▶ [What you are asked to do]: From the data that follows, set down exactly the lines from the one with "um barco azul" through the one with "purple glass bowls", counting both. Pictures stay out.

*** Opening Provided records ***

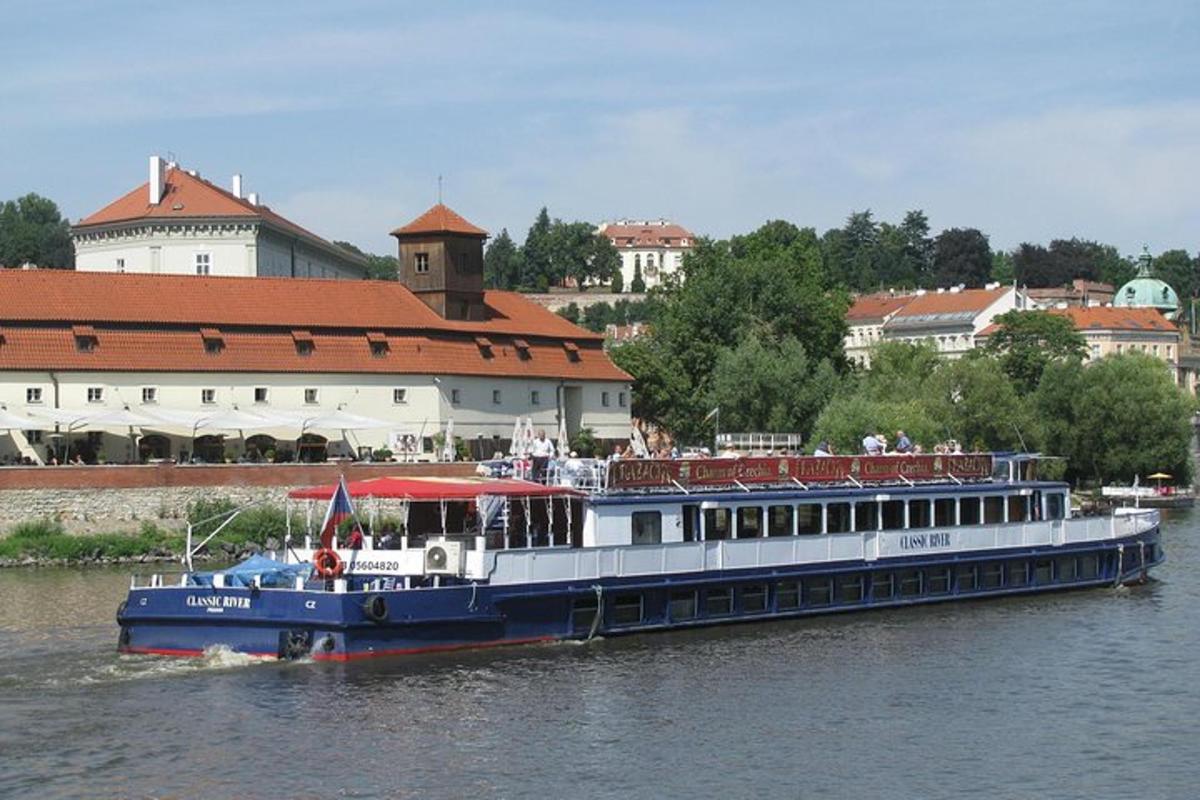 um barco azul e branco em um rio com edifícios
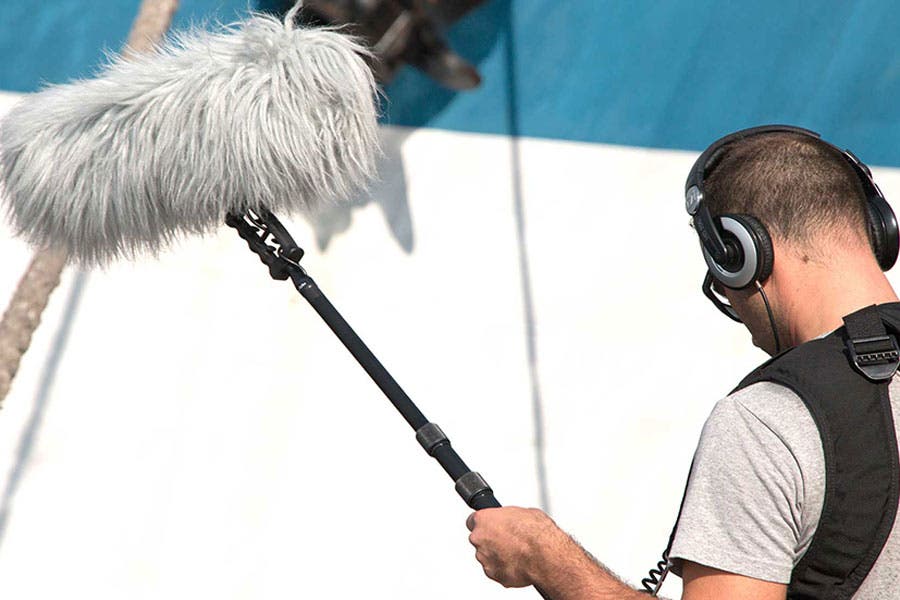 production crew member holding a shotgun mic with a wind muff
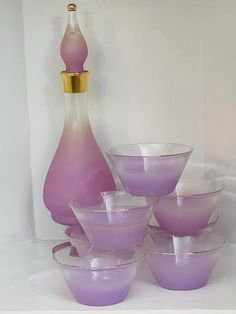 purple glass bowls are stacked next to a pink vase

*** Closing Provided records ***
*** Opening Provided records ***

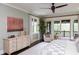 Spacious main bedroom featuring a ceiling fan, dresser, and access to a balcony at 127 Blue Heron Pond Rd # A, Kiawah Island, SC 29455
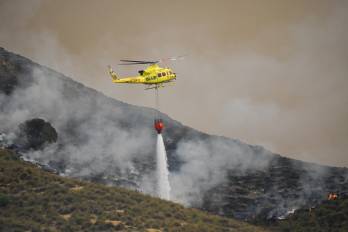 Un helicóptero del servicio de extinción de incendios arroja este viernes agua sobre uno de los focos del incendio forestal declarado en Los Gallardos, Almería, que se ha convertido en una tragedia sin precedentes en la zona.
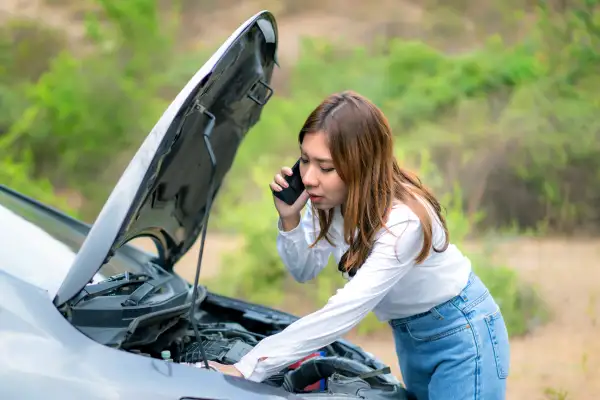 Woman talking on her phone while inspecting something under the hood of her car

*** Closing Provided records ***
*** Opening Provided records ***

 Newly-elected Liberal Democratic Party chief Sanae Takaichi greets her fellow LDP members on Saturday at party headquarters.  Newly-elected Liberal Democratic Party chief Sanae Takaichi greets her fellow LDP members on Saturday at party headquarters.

*** Closing Provided records ***

▶ [Solution to the problem]:
 um barco azul e branco em um rio com edifícios
 production crew member holding a shotgun mic with a wind muff
 purple glass bowls are stacked next to a pink vase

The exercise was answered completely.